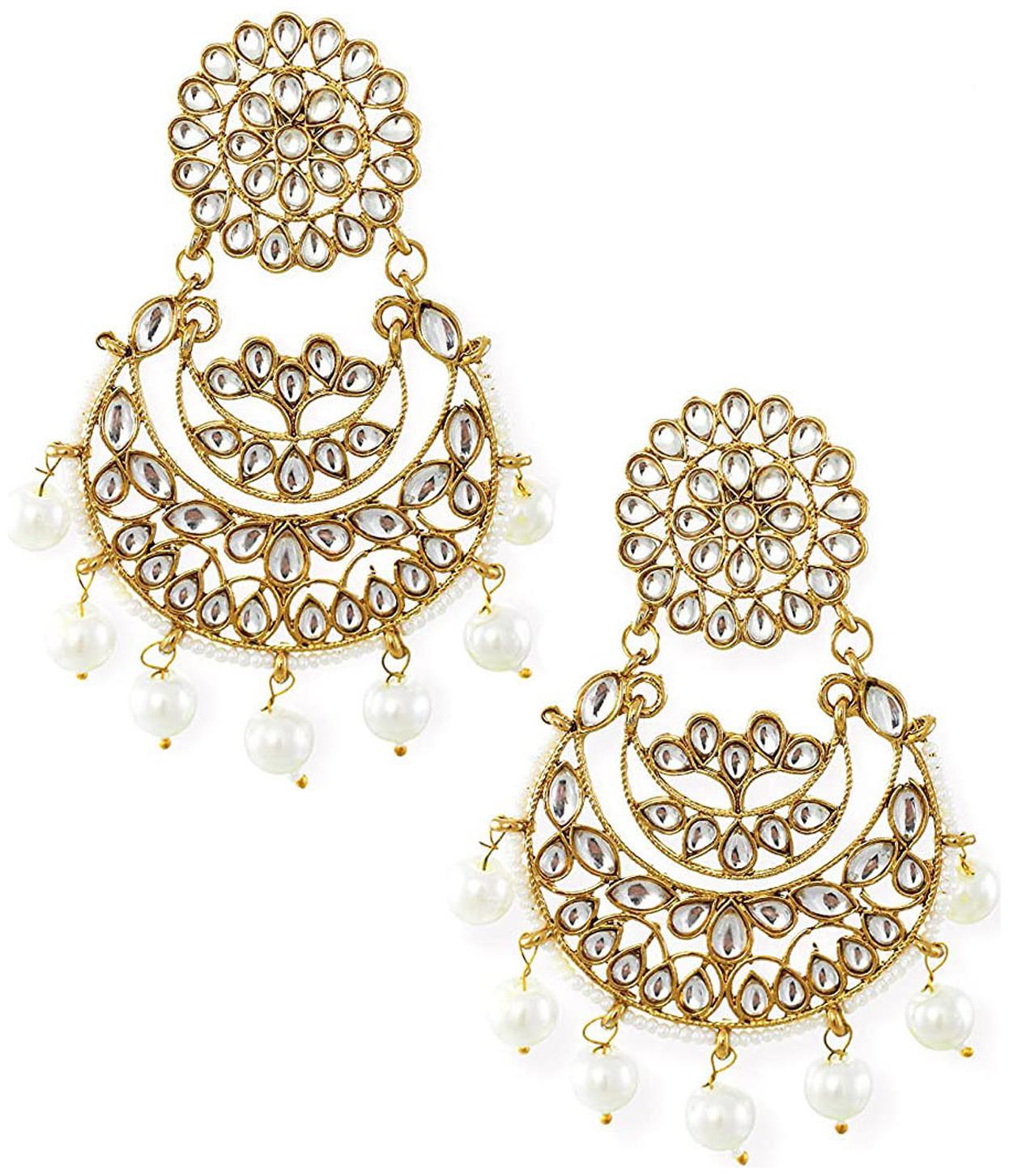 

Mahi White Golden Chandbaali For Women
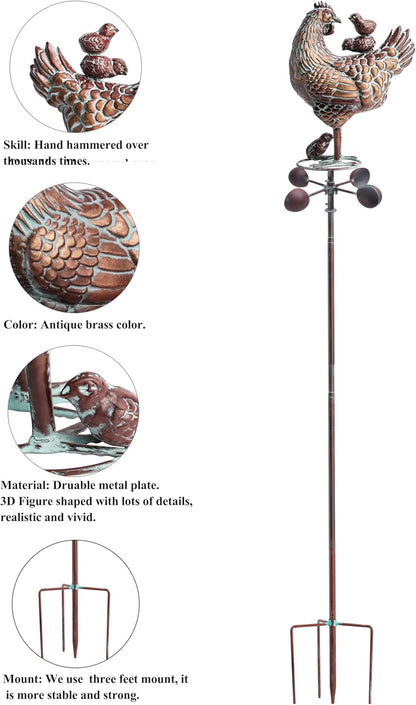 3D Large Metal Hen with Chicks Statue Spinner 79" H Kinetic Garden Chicken Sculpture Decorative Hen Wind Vane Outdoor Yard Art Antique Copper Chicken Garden Stake for Farm Patio Lawn Yard Decor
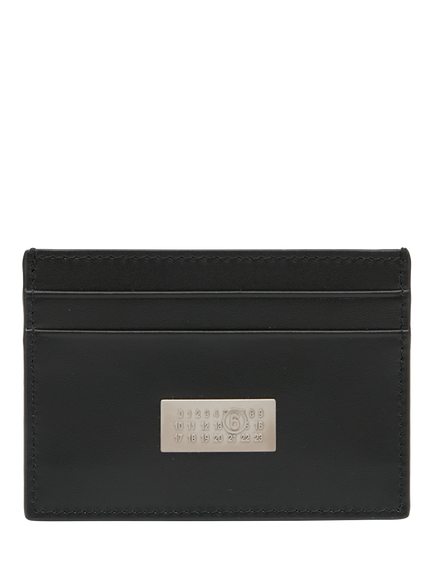 MM6 Maison Margiela Leather Compact Card Holder, Black, Black
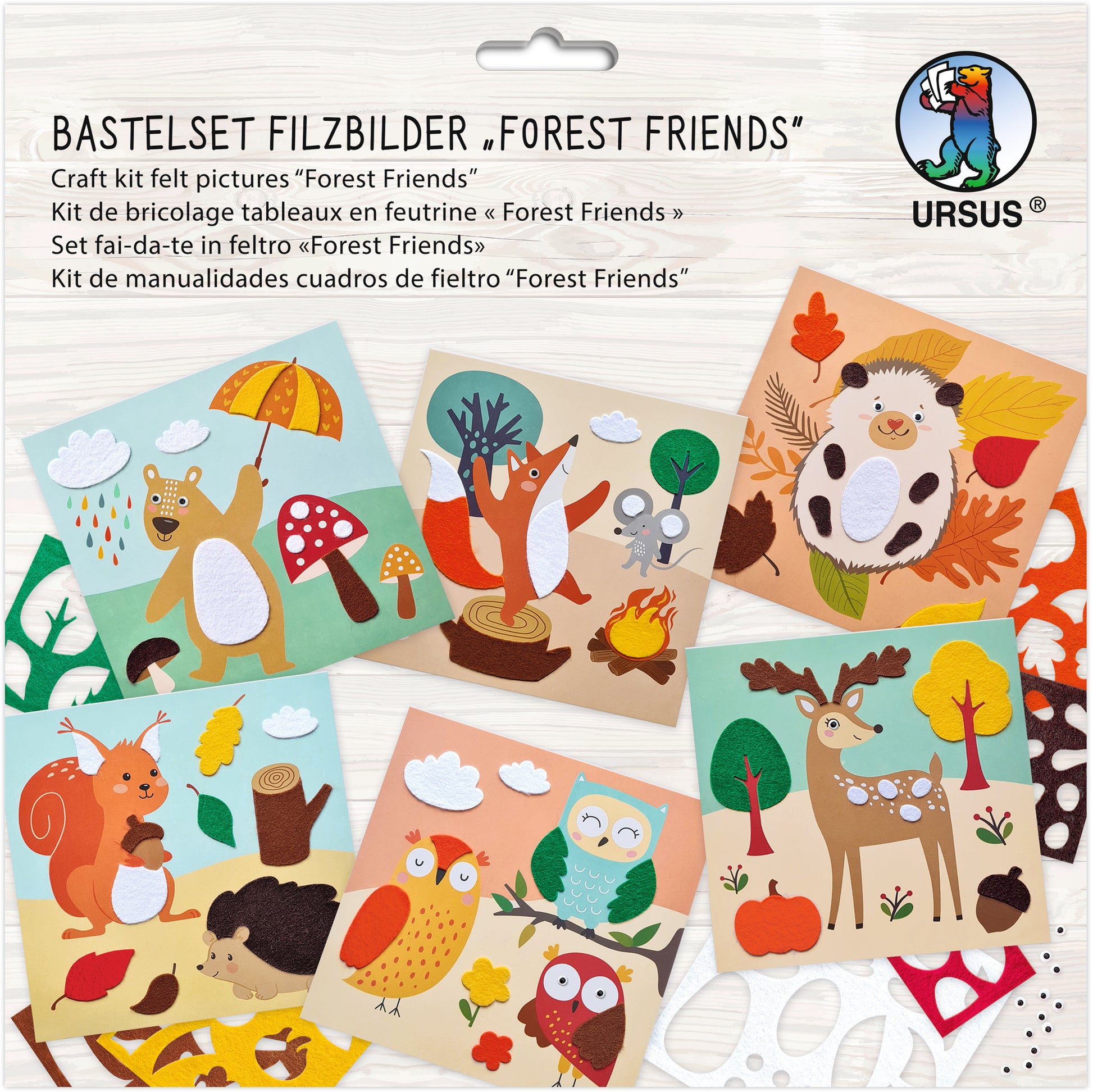 Ursus Bastelfilz-Set Forest Friends – 23 × 23 cm – 6 Filzbilder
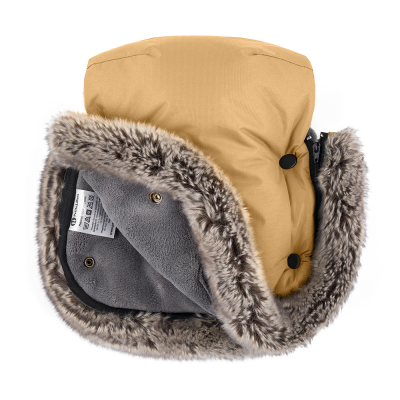 PETITE&MARS Set zimní fusak Arctic 4v1 + rukavice na kočárek Furry Elegant Caramel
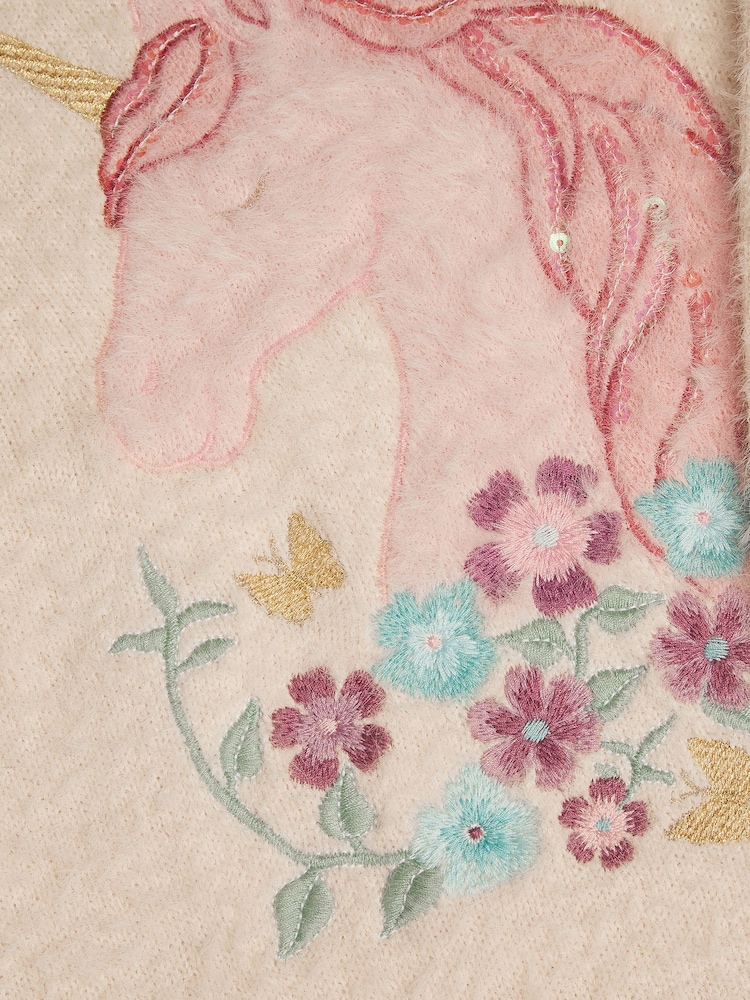 Monsoon Cream Embellished Unicorn Fluffy Knit Jumper - Image 3 of 3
● ● ● ●
Task prompt:
Please print exactly the lines from the one holding "3D Large Metal" through the final line of the data above, including both, and skip all pictures.

Reply:
 3D Large Metal Hen with Chicks Statue Spinner 79" H Kinetic Garden Chicken Sculpture Decorative Hen Wind Vane Outdoor Yard Art Antique Copper Chicken Garden Stake for Farm Patio Lawn Yard Decor
 MM6 Maison Margiela Leather Compact Card Holder, Black, Black
 Ursus Bastelfilz-Set Forest Friends – 23 × 23 cm – 6 Filzbilder
 PETITE&MARS Set zimní fusak Arctic 4v1 + rukavice na kočárek Furry Elegant Caramel
 Monsoon Cream Embellished Unicorn Fluffy Knit Jumper - Image 3 of 3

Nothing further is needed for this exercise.